É um indivíduo mais preparado para lidar com as turbulências inerentes aos períodos de crises econômicas. Ainda que o conhecimento técnico seja fundamental (e por isso nunca deixamos de lado a relevância das habilidades cognitivas), existe uma necessidade de um perfil de habilidades que vá além de uma boa formação. É necessário ser disruptivo, colaborativo e ter a capacidade de encontrar novos caminhos para driblar os efeitos da crise.
Estamos vivendo tempos em que o isolamento social tem incentivado cada vez mais as empresas a adotarem o uso de ferramentas digitais para promover reuniões on-line e o trabalho remoto. Se essa é uma tendência que irá permanecer no futuro do trabalho, é algo que não podemos afirmar aqui, mas com certeza são os trabalhadores com perfil cognitivo e social que mais se beneficiarão do uso intensivo dessas tecnologias. Capacidade de operar a tecnologia, inteligência emocional para lidar com o trabalho remoto, colaboração com os demais membros de equipe, empatia para superar obstáculos e dificuldades são características cada vez mais demandadas em tempos de crise econômica e aprofundamento do avanço tecnológico no mercado de trabalho.
É um contexto que exige que as empresas inovem, tragam novos métodos e ferramentas para se beneficiarem do que a tecnologia pode trazer de melhor. E os trabalhadores qualificados, com habilidades cognitiva e social se destacarão como os mais aptos a lidarem com essas mudanças – e serão, portanto, os mais resilientes aos efeitos dessa e de outras crises.
Artigo escrito por Edivaldo Constantino das Neves Júnior – Economista Sr. do Grupo ZAP
Referências
Correia, S., Luck, S., & Verner, E. (2020). Fight the Pandemic, Save the Economy: Lessons from the 1918 Flu (No. 20200327). Federal Reserve Bank of New York.
Glaeser, E. L., Ponzetto, G. A. M., & Tobio, K. (2014). Cities, skills, and regional change. Regional Studies, 48(1), 7–43.
Glaeser, E.L., & Saiz, A. (2003). The rise of the skilled city (NBER Working Paper No. 10191). https://www.nber.org/papers/w10191.
Hoynes, H., Miller, D. L., & Schaller, J. (2012). Who suffers during recessions? The Journal of Economic Perspectives, 26(3), 27–47.

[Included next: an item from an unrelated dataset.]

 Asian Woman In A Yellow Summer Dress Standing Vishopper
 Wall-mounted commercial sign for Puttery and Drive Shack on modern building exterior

Weinstein, Amanda; Patrick, Carlianne (2020). Recession‐proof skills, cities, and resilience in economic downturns. Journal of Regional Science, v. 60, n. 2, p. 348-373.
[1] Deve ficar claro que não existe dilema (ou no jargão econômico, trade-off) entre preservar a economia ou a saúde das pessoas. Ambas as questões devem ser encaradas de forma conjunta. Cabe as autoridades públicas conter a propagação do coronavírus assim como proteger a renda das pessoas, reduzir o desemprego e apoiar as empresas. Em artigo recente, Correia, Luck e Verner (2020), pesquisadores do Federal Reserve e MIT, em estudo para a gripe espanhola, argumentam que “cities that intervened earlier and more aggressively do not perform worse and, if anything, grow faster after the pandemic is over”.
[2] Ao ler esse texto, provavelmente o leitor já deve estar sentindo essa mudança…em seu home-office.
[3] O leitor pode consultar os textos de Glaeser e Saiz (2003), Hoynes, Miller e Schaller (2012), Glaeser, Ponzetto e Tobio (2014), Weinstein e Patrick (2020).
[4] Poderíamos expandir nosso argumento: lugares que concentram trabalhadores mais qualificados, também são mais resilientes aos efeitos de crises econômicas. A educação permite que as pessoas e as cidades se reinventem durante choques econômicos negativos, porque existem complementariedades significativas entre cidades e capital humano. Contudo, isso seria tema para outras análises.